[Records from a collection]

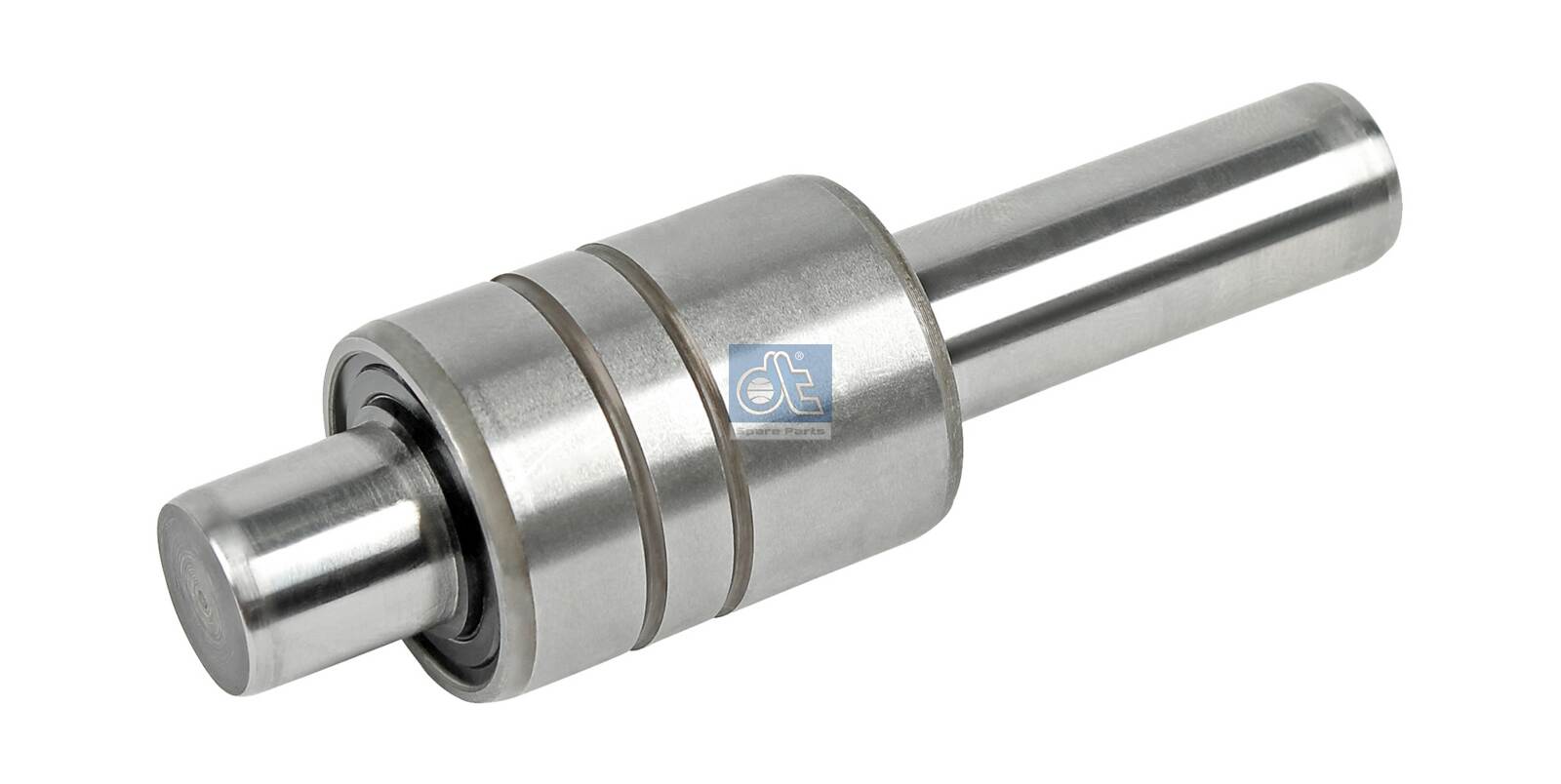 Alberino pompa acqua - 1.11280 DT Spare Parts
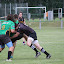 k-IMG_8757.JPG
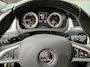 Skoda Rapid 1.2 TSI Greentech Edition Automaat Trekhaak/Pdc/Pr-Glass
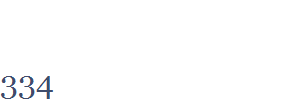 334
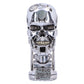 Terminator - T-800 Terminator Light Up Figurine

# PROMPT
With the pictures removed, the entries above should be transcribed exactly.

# ANSWER BOX
 Alberino pompa acqua - 1.11280 DT Spare Parts
 k-IMG_8757.JPG
 Skoda Rapid 1.2 TSI Greentech Edition Automaat Trekhaak/Pdc/Pr-Glass
 334
 Terminator - T-800 Terminator Light Up Figurine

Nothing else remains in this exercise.